Just as she had in her last film Fish Tank (2009) she announces her intentions from the very first shot by beginning in medias res, introducing a hero, already in turmoil, alone in a room — orienting and disorienting us at one and the same time. For those of us who know the oft-told tale by heart, it’s obvious the young man is Heathcliff and Kathy has already died. He is so distraught he is banging his skull against the wall, doing himself injury. This level of abandon is new. As is the fact that the actor (James Howson) is black. Also new is the film’s mode of hyper-realism, high def video, often hand-held, often close to the actors in confined spaces, or else out with them on the desolate, barren heaths of Yorkshire — it looks like nothing so much as the recent footage back from Mars.
What is interesting to me is how Arnold gets to the motive power of Romanticism, its passion (often descending to downright savagery) but eschews some of the trappings endemic to its own era, chiefly a language that sounds to us relatively flowery and genteel. Arnold’s Earnshaws, while landowners, have been turned by their isolation into primitives beyond anything Bronte ever dreamt of…they are like cavemen, or the cannibalistic Beane family, or some Faulker degenerates in Mississippi. Whole scenes are shot without dialogue, communication occuring through scowls and snarls and ear-boxings…or in the cases of the children Heathcliff and Kathy (Solomon Glave and Shannon Beer) from deep, penetrating, knowing looks. Such dialogue as there is, is spare, garbled, and heavily accented. The men are skinheads and (as was done in the tv western Deadwood) the characters all speak with anachronistic profanity. This seems of a piece with making Heathcliff black, as opposed to the gypsy Bronte writes about (naturally played by a long succesion of whites in the movies and on television : Laurence Olivier, Charlton Heston, Ian McShane, Timothy Dalton, Ralph Fiennes — not a molecule of chocolate to be had in that array of vanilla). Also, the house of the Earnshaws, a country manor in the book (see a scholars vision of it here) has become a cave-like warren in Arnold’s version, practically a hobbit-hole, built of the same stones as the pasture walls. Only the fireplace seems to differentiate it from the stable next door.

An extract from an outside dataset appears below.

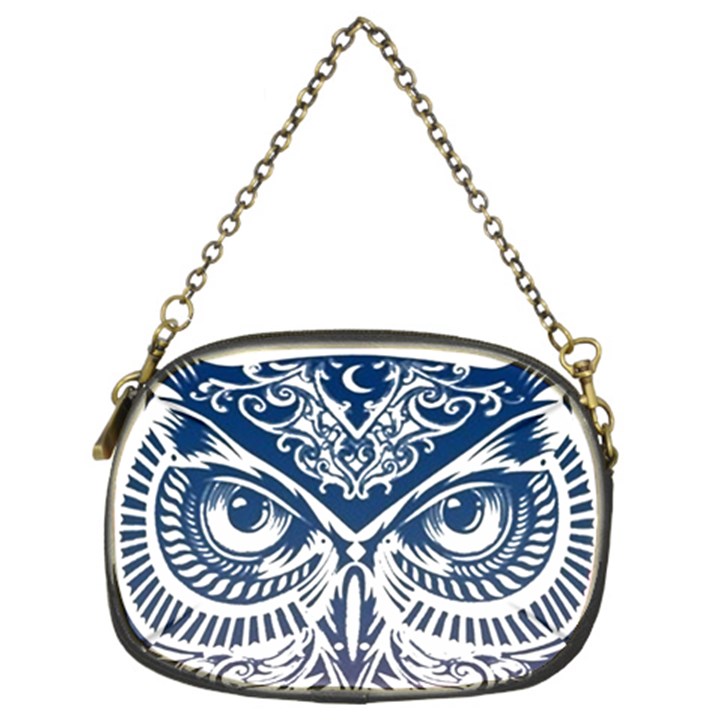 Owl Chain Purse (Two Sides)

These gestures all seem calculated to break through the jaded, modern consciousness, which nowadays can’t seem to brook a whodunit that doesn’t climax in fireballs. Call it the “Extreme” Wuthering Heights. On the other hand, other aspects of the setting are realized with perfect realism and are extreme enough…the incessant and fierce winds, the constant dampness, the muddiness of the earth (everyone is encrusted in it), and the emptiness of the landscape. Who wouldn’t become a mad dog here? Meanwhile, the nearby Linton estate is properly genteel and seems historically accurate.
I’m afraid I’ve written an entire review and so far have spoken only about the style and the atmosphere. But more than just about any other story, Wuthering Heights requires those elements to be established in order for us to “get” it. Just as in Fish Tank (set in a bleak Council Flat in Kent), environment shapes character and thus destiny. The performances in the film are all terrific and real and it feels largely because the director has created the right landscape (both physical and emotional) to support them. I hope this film gets wide exposure; there is much to learn from this film-maker. For theatres and showtimes, consult your local listings.